Open rglover opened 1 year ago
Came up with a cheap way to do this using fuse-js. Basically set up a getter that runs a DB query, creates the index, and runs the query and then drops out of memory. Only gotcha is scaling which could be handled by having a way to define a singular index on the server that routinely updates on a tick (or using an observer on the db query).
This is ideal because you could get a cheap real-time search built in to Joystick. It could even work as a standalone server so you could have something like search.cheatcode.co that could have its memory scaled.
Prefer the package fuzzysort for this, but everything else is the same. Basically you just seed that with your data and then call to it to get the results.
I could see a version of this like:
import joystick, { search } from '@joystick.js/ui';
const MyComponent = joystick.component({
events: {
'keyup [name="search"]': async (event = {}, instance = {}) => {
const search_results = await search('<index_name>', event.target.value); // Second arg is the search query
instance.set_state({ search_results });
},
},
render: () => {
return `
<input type="search" name="search" />
`;
},
});
Basically, that would hit an endpoint like /api/_search/index_name
and just hit against the pre-defined index.

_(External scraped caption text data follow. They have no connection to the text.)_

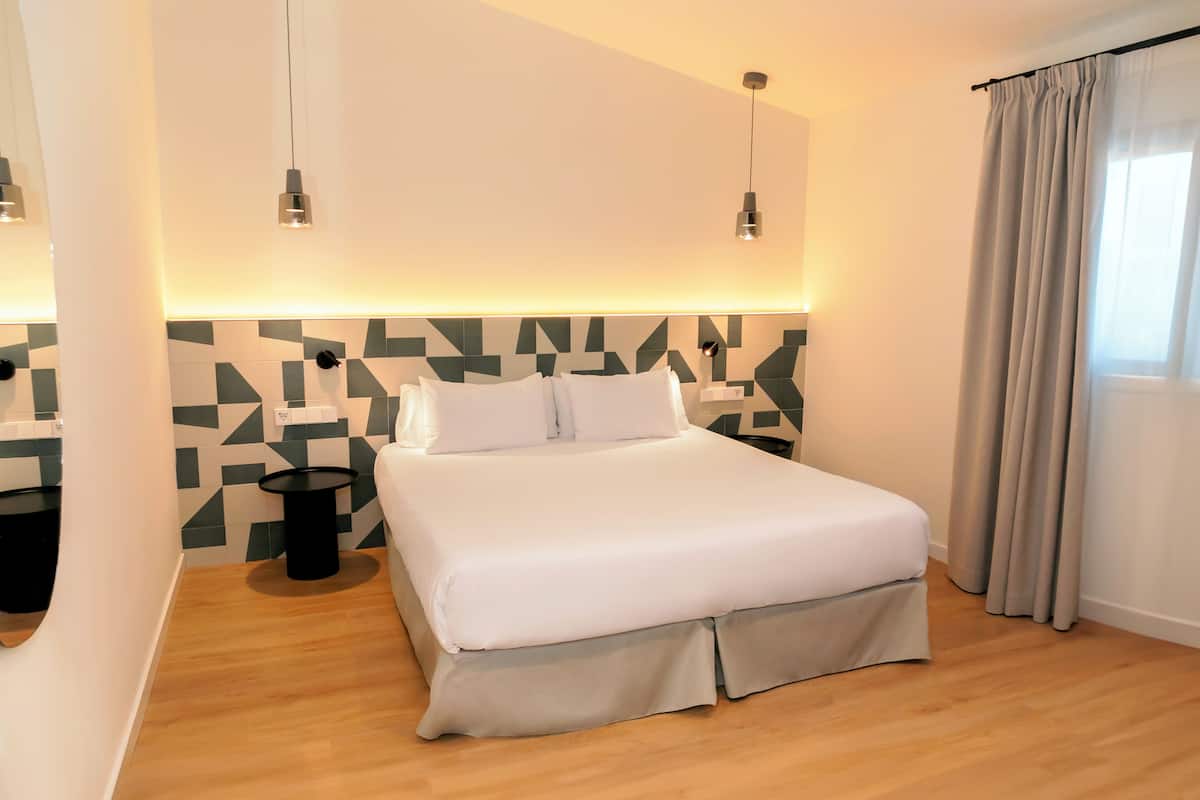 Een minibar, een kluis op de kamer, een bureau, verduisterende gordijnen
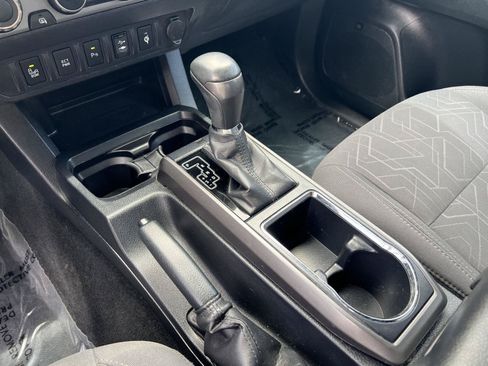 Used 2017 Toyota Tacoma TRD Sport AWD/4WD image 37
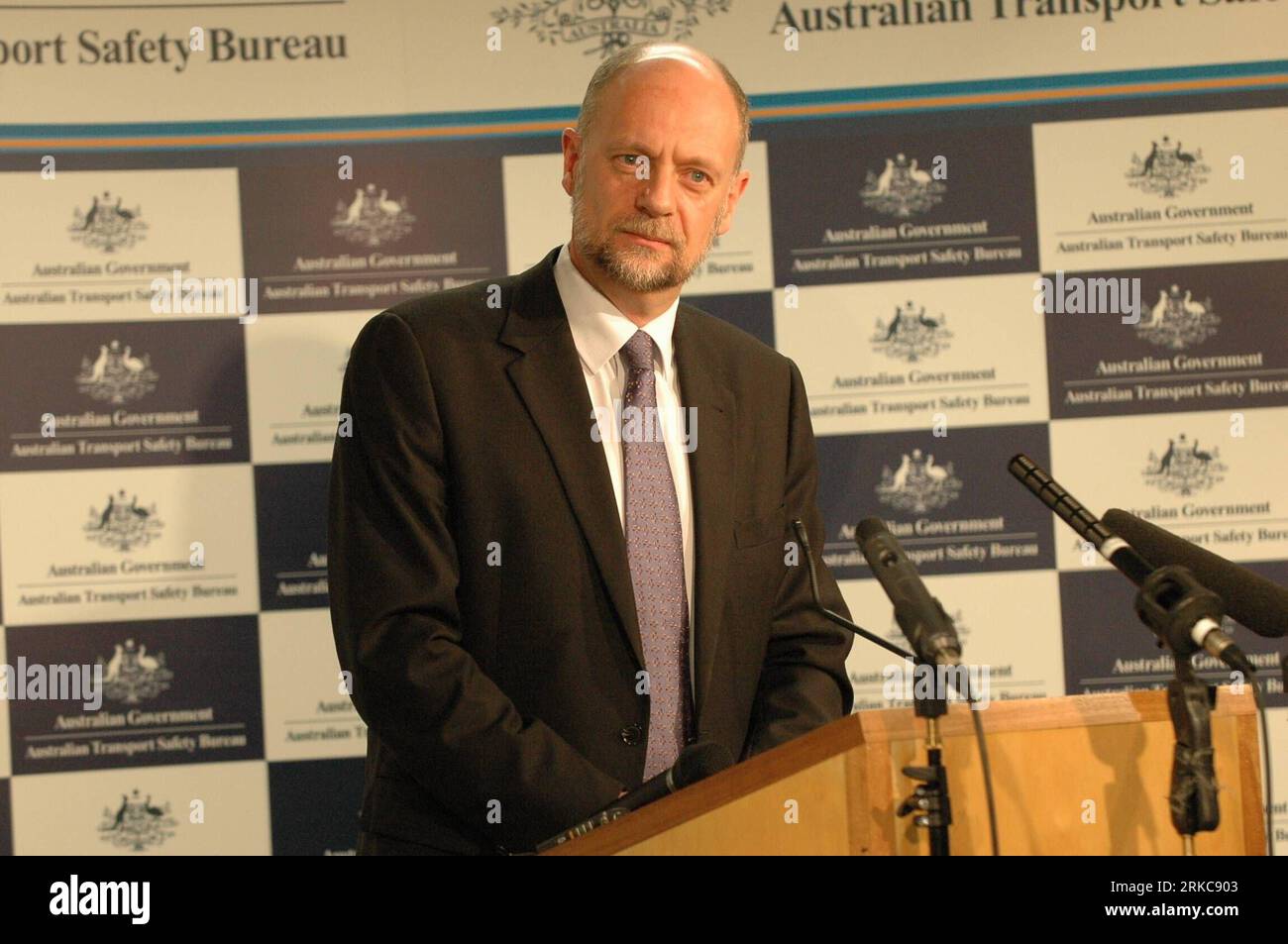 The australian transport safety bureau hi-res stock photography and ...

Was spacing out and had this thought...it'd be relatively simple to do a lightweight full-text search engine. Did a quick test to prove it and sure enough the basic idea works.
I'd have to think about how to sell it, but for a simple search of posts on something like CheatCode, you could get it done for peanuts in terms of memory/result speed. It wouldn't be a one size fits all or "adapt to any data set" type of solution, but it'd definitely be good enough for most people who want a decent FT search w/o wiring up a separate search server or third-party service.
Blind tests of indexing 1,000,000 records only took ~3-5s on average. Search results with a crappy search algo took 1-2s max (and that's with me foolishly loading the entire index into memory). For example, my extremely naive test:
This is a post 1.0 idea but I think it'd be worth adding to
@joystick.js/node
as an option as the overwhelming majority of folks won't need a heavy metal search setup. Just something that works and is perceptively fast with a small-ish footprint.